God did not solve Israel’s problems.
Moses found the water that God provided.
And the people continued to complain.
Dry wells are like that. We
move from one mountain story to another.
From Mount Horeb, the mountain of God, the holy mountain of Exodus,
that produced the waters from the rock; to Mount Gerazim, that provides
the waters for the springs that feed Jacob’s well. Jacob’s
well, at Sycar, is fed by underground springs, underground rivers, and it
is this moving water that is fresh and cool.
Because the water is moving and not from a cistern, the people
called it “living water,” a term that Jesus used with double meaning. When
Jesus appears to the woman at the well, their conversation has an almost
comical quality about it. It's
difficult even to call it a conversation.
Jesus speaks of “living water” and the woman thinks of water
and a bucket.
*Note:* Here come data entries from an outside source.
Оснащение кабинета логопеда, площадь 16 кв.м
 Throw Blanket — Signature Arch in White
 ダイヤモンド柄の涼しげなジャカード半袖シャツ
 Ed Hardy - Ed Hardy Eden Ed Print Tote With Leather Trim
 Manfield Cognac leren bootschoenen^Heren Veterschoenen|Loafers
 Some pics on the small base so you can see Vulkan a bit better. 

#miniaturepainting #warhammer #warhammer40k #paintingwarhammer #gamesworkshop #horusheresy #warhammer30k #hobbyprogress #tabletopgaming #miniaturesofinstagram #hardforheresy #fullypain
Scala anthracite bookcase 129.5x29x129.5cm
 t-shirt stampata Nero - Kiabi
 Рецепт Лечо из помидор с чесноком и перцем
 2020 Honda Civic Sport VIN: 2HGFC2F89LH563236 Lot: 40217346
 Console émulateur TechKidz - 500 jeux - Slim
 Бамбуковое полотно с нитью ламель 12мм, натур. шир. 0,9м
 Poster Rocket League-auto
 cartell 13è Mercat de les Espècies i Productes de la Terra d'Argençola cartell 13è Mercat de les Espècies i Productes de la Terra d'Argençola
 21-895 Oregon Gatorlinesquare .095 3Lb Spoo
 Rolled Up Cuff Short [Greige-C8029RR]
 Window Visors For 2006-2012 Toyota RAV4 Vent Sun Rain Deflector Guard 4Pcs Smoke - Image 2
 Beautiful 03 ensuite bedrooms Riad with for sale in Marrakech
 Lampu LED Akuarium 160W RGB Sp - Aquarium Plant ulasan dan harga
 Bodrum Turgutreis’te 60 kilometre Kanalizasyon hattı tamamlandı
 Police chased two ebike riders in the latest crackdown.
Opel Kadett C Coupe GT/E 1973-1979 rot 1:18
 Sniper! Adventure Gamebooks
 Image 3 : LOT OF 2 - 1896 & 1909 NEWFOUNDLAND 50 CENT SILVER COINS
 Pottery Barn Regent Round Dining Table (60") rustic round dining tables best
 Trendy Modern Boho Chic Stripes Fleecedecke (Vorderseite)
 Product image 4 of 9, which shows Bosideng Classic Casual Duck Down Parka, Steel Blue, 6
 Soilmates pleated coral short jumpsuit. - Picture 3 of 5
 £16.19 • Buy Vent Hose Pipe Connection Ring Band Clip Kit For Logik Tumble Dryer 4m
She complains
and wonders how he can even speak to her, a Samaritan and a woman.
Even her response to Jesus is founded in her negative, sarcastic,
dry well attitude. Maybe this
is some sort of miracle worker who will produce an unending supply of
water so that I will never have to return to this well again.
After one of the longest dialogues in the entire Gospel of John,
she catches a glimpse of understanding.
“This can’t be the Messiah or is he the one?”
“How is it that he knows everything that I have ever done in my
whole life?” “Jesus
had that effect on people, particularly in the Gospel of John.
Nicodemus came to Jesus and Jesus spoke about “wind.”
Poor Nicodemus couldn’t tell whether Jesus was talking about
“spirit” or “wind.” Jesus
told Nicodemus that he must be born “from above” and Nicodemus thought
Jesus said that he has to be “born again.” Why did the woman have so much trouble understanding Jesus?
Did Jesus take delight in speaking like this?
Well, if nothing else, it is a form of story telling that helped
John to get the point across. The
Gift of God’s living water is for you.
It flows even when everything is nothing death all around us.
As we move through Lent I invite you to drink from the river of
living water that God provides. Claim
it. Resist negative, parched
attitudes, and embrace the joy and completeness that God intends for you.
Laugh and know that God laughs with you.